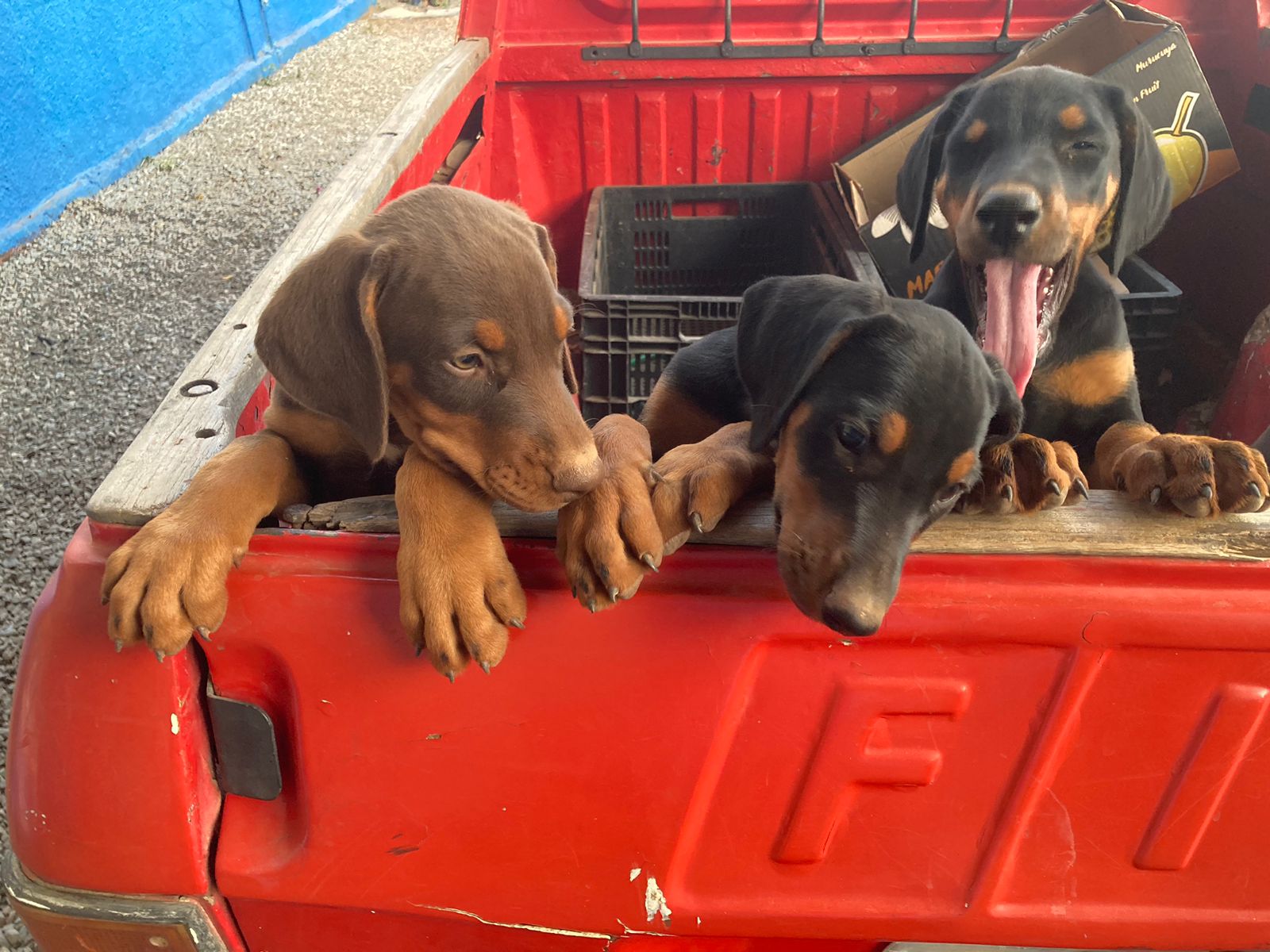 Portal Vendocão Filhotes Dobermann Arcos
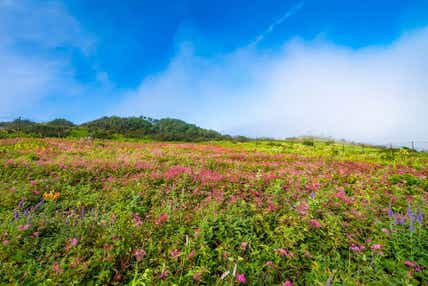 【和歌山駅東口発】 天空のお花畑！伊吹山散策と 関ケ原2つの祭「風鈴まつり」＆「和傘物語」　日帰り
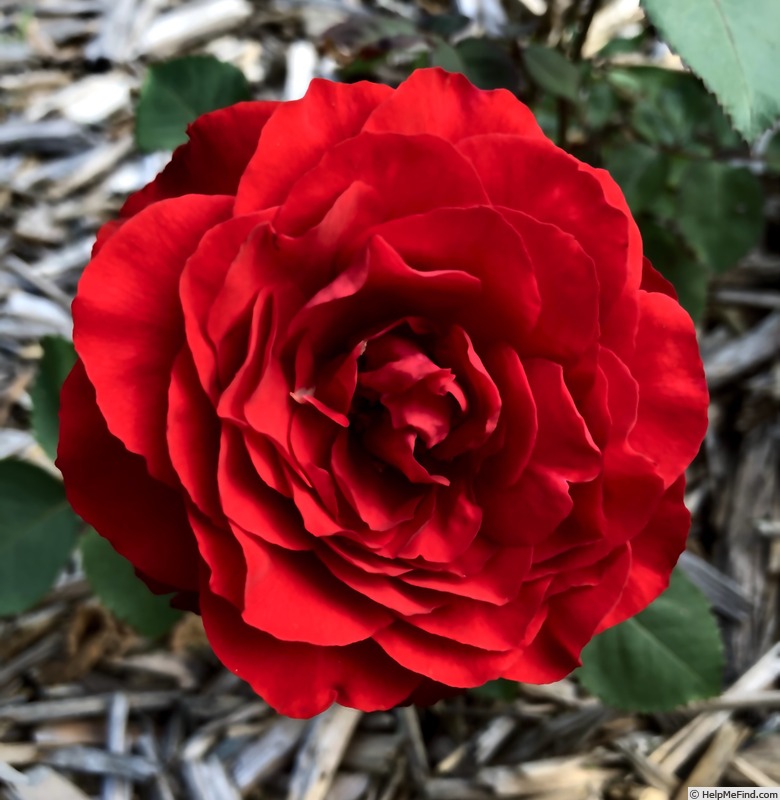 'Obsession™' rose photo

PROBLEM TO WORK ON:
Images are to be omitted; repeat the remaining data above exactly.

SOLUTION FOR THIS EXERCISE:
 Portal Vendocão Filhotes Dobermann Arcos
 【和歌山駅東口発】 天空のお花畑！伊吹山散策と 関ケ原2つの祭「風鈴まつり」＆「和傘物語」　日帰り
 'Obsession™' rose photo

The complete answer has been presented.